After resting for a little while longer, everyone met at the hotel. We went to the mall because my grandma decided walking great distances would help to induce labor (not to mention make my feet swollen)! She was wrong but I’m glad we went. My mom and grandma had a chance to get to know Michelle and Ken, which was important to me. I think my favorite part of our day at the mall was going to Build-a-Bear Workshop with Michelle and making twin monkeys. She kept one and I kept one.
Friday and Saturday flew by, and before I knew it Sunday had arrived. My boyfriend took me to the hospital. I was quickly put into a room and started a Pitocin drip. Michelle and Ken arrived shortly after I did, and within the hour my mom was there as well. People were in and out of the delivery room all day. When the time had come to start pushing only my sister, my cousin, and Michelle could be at my side. Everything was over before I knew it had started and it was all much easier that I had imagined. Peter John (P.J. for short) was born January 31st, 2010 at 3:06pm, and Michele was there to watch him come into the world. I was moved to a smaller room after about an hour, and I had a few more visitors. Ken and Michelle were spending time with their new baby in a different room.
I had quite a few visitors the next day. Most of them were people working with the agency to finalize the adoption, such as lawyers, social workers, and Melissa came to see me as well. My favorite visitors, however, were P.J., Michelle, and Ken. I had chosen not to see the baby until I had relinquished my parental rights. Since I had done that I was ready to see him. He was beautiful, and they were so happy. That was all I needed to see to really be okay with my decision.
I was back at home later that afternoon and resting for the next few days while my boyfriend stayed with time to make sure I wasn’t walking around too much. I went to see Michelle, Ken and P.J. at their hotel room twice before they left. I ate dinner with them and we talked about how excited everyone in New Jersey must be for them to come home. Some of our conversation consisted of small talk, but most of it revolved around future communication and the family P.J. was coming home to. Michelle didn’t want to lose contact with anyone she had met on their visits to Kansas City. She reassured me that she was not only a mom for P.J., but she and Ken were my friends. They would always be there for me. After holding the child I had carried inside of me and gave birth to less than a week ago, nobody said goodbye. Instead, we said “until next time.”

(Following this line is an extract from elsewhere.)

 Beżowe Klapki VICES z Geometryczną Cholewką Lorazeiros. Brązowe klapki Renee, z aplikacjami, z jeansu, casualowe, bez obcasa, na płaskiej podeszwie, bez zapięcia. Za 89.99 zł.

Michelle and Ken are everything I could have ever dreamed of for P.J. and so much more. Spending so much time with them made my decision that much easier. I can’t think of two people I would rather have done this for. I know that P.J. is going to cross my mind several times a day, every day, for the rest of my life I also know that when he does, I can’t be sad that he’s not physically here with me, instead I can be happy that I chose a family who will look at him and see a miracle every time. I chose a family who will give everything that I’m unable to give right now, along with all of the love and support I could ever want for him.